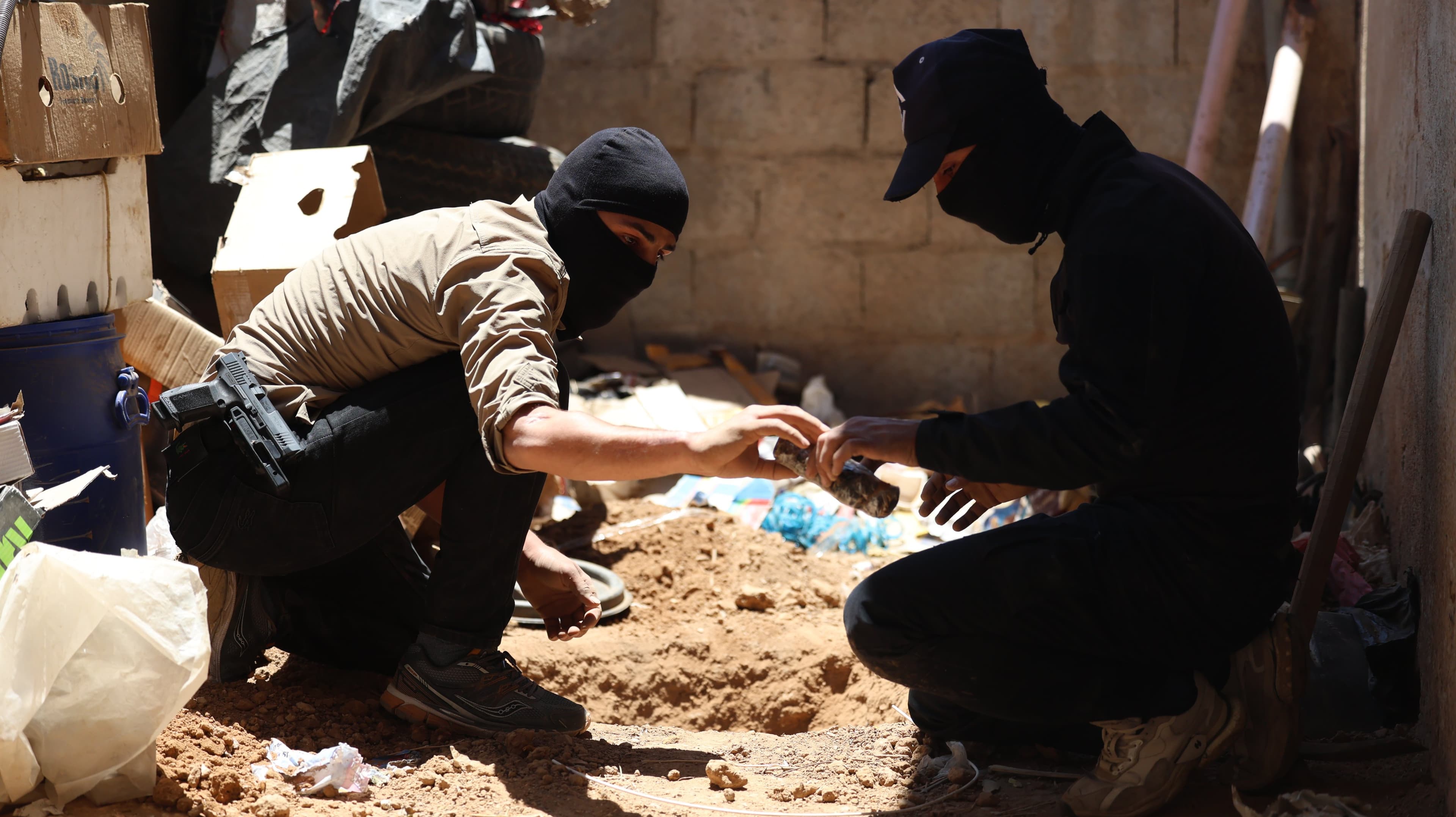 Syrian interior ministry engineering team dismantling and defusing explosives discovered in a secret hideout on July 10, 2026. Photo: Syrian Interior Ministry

...

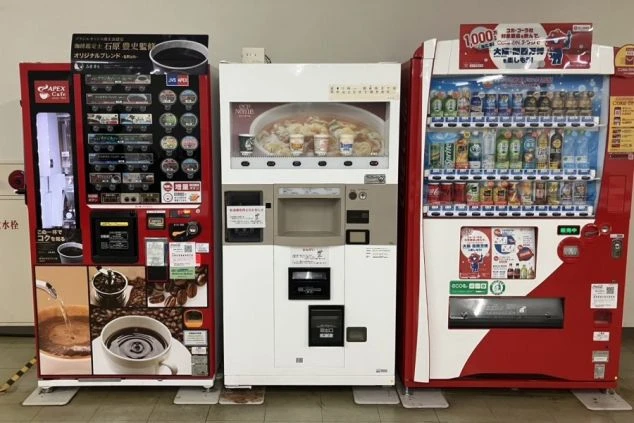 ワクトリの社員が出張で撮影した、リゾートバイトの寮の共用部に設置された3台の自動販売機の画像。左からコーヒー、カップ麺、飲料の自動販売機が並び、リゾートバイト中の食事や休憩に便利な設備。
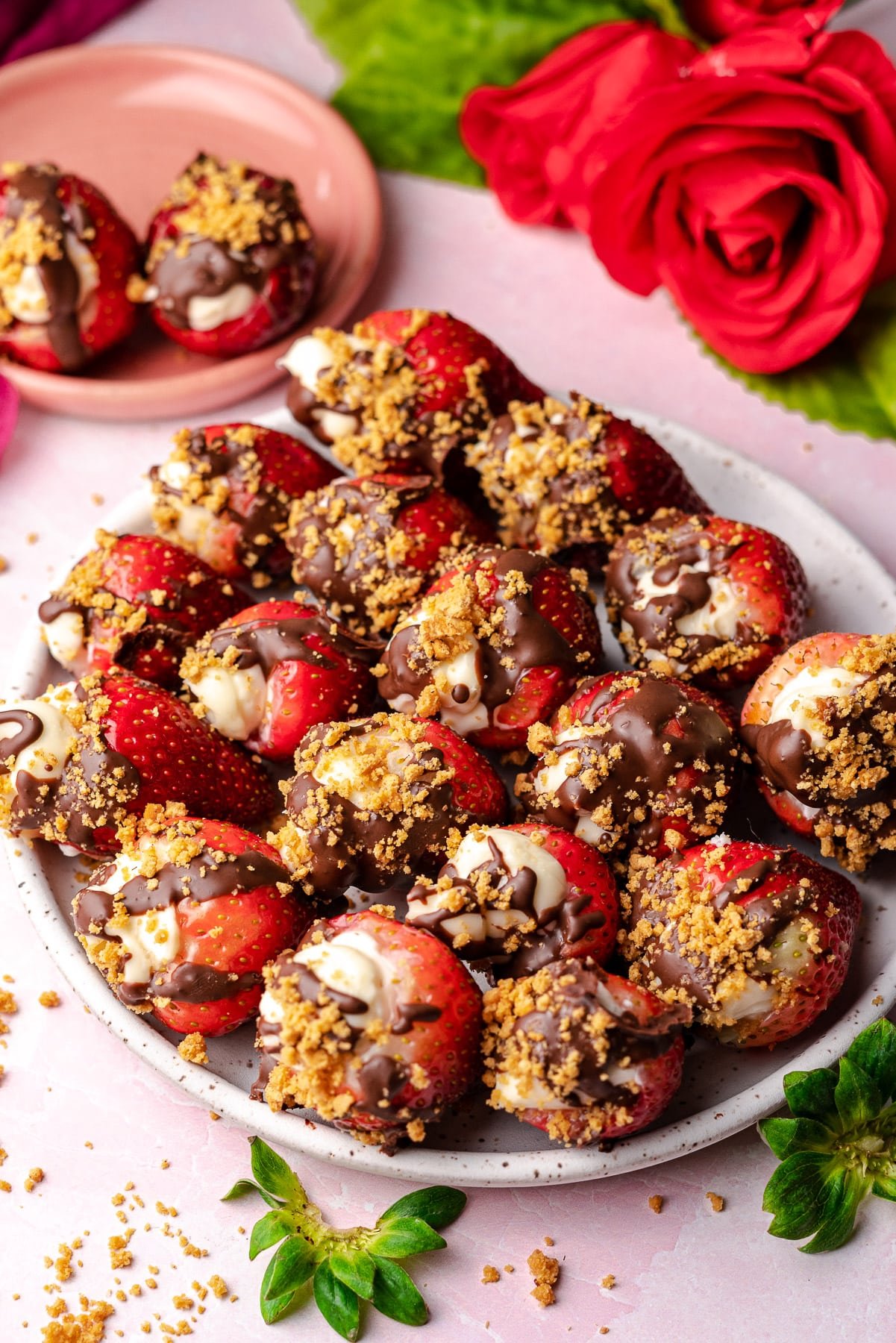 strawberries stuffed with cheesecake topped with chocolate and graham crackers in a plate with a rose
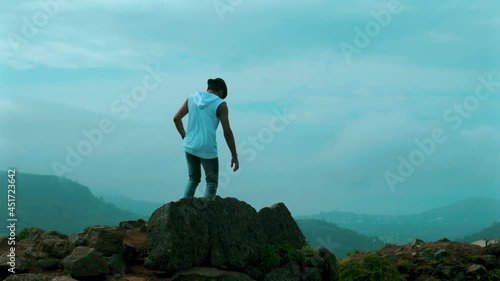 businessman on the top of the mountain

WORK TO BE COMPLETED:
Starting at the line with "strawberries stuffed with" in the entries above, write out every line exactly until the line with "businessman on the top of the mountain" has been written. Include no pictures and nothing more.

ANSWER FOR THIS EXERCISE:
 strawberries stuffed with cheesecake topped with chocolate and graham crackers in a plate with a rose
 businessman on the top of the mountain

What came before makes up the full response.